Source data:
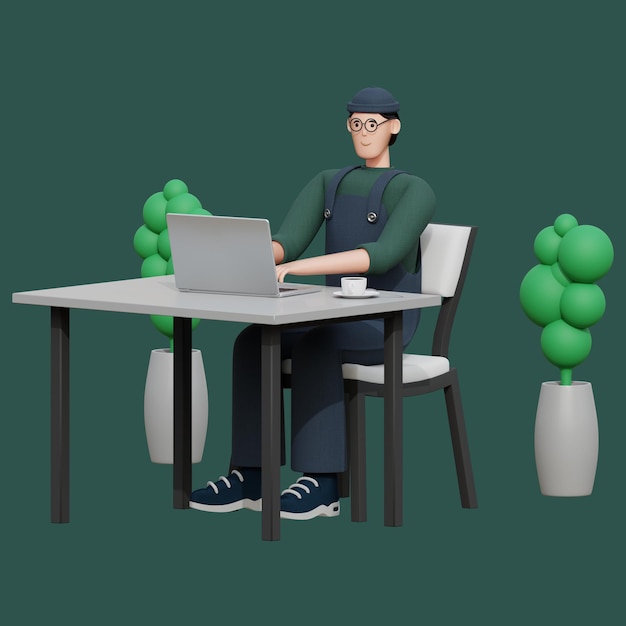 Ein Mann sitzt an einem Tisch mit einem Laptop vor sich.
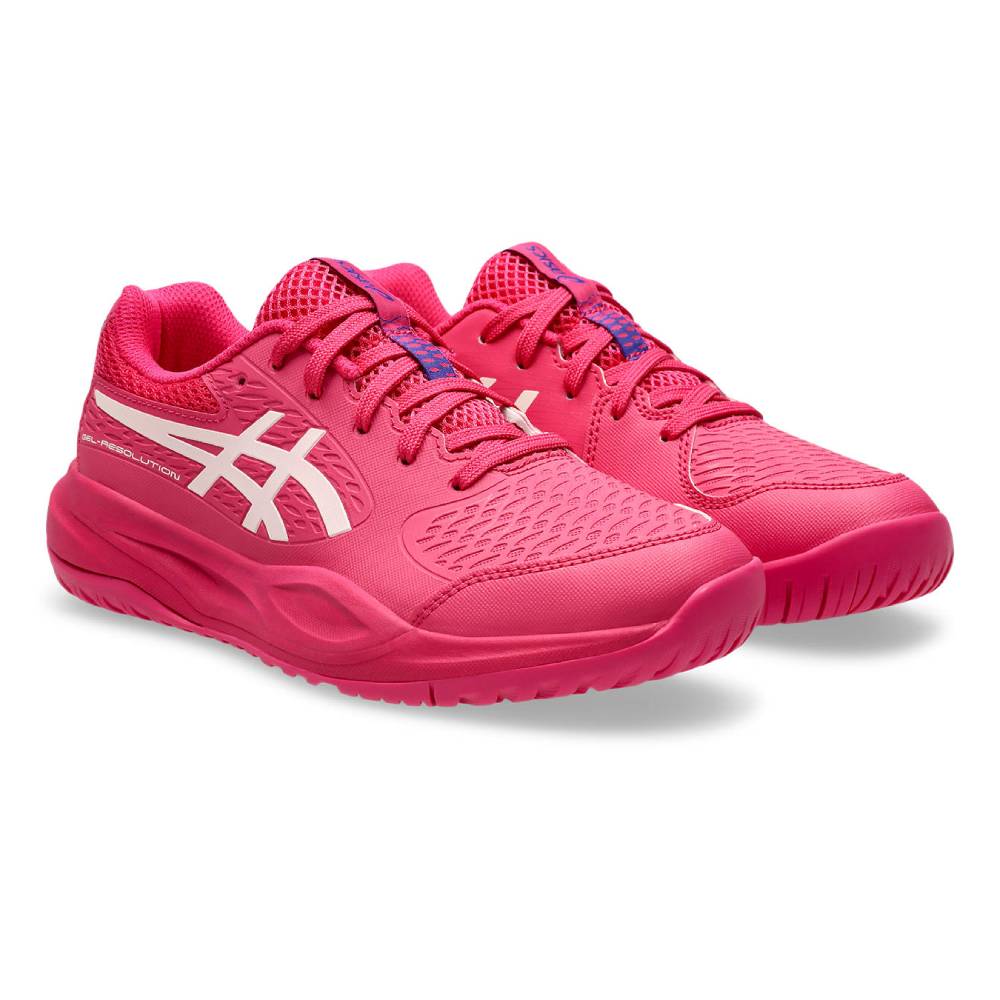 Asics Gel Resolution X Junior Tennis Shoe (Bright Rose/Cream) - RacquetGuys.ca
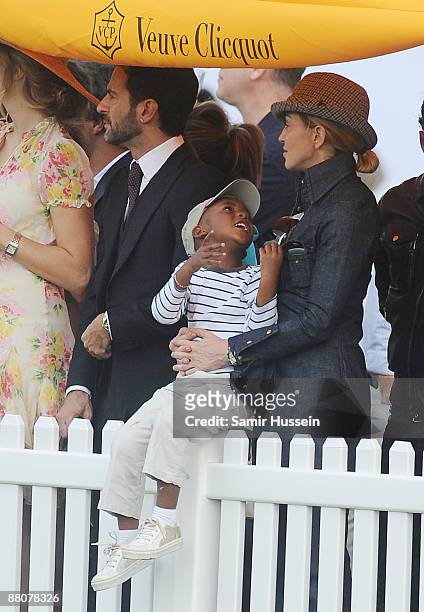 Marc Jacobs , Madonna and her son David watch the 2009 Veuve Clicquot Manhattan Polo Classic on Governor's Island on May 30, 2009 in New York City.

Exercise requirements: The listing above should be repeated word for word, with every image left out.

Reply to the task:
 Ein Mann sitzt an einem Tisch mit einem Laptop vor sich.
 Asics Gel Resolution X Junior Tennis Shoe (Bright Rose/Cream) - RacquetGuys.ca
 Marc Jacobs , Madonna and her son David watch the 2009 Veuve Clicquot Manhattan Polo Classic on Governor's Island on May 30, 2009 in New York City.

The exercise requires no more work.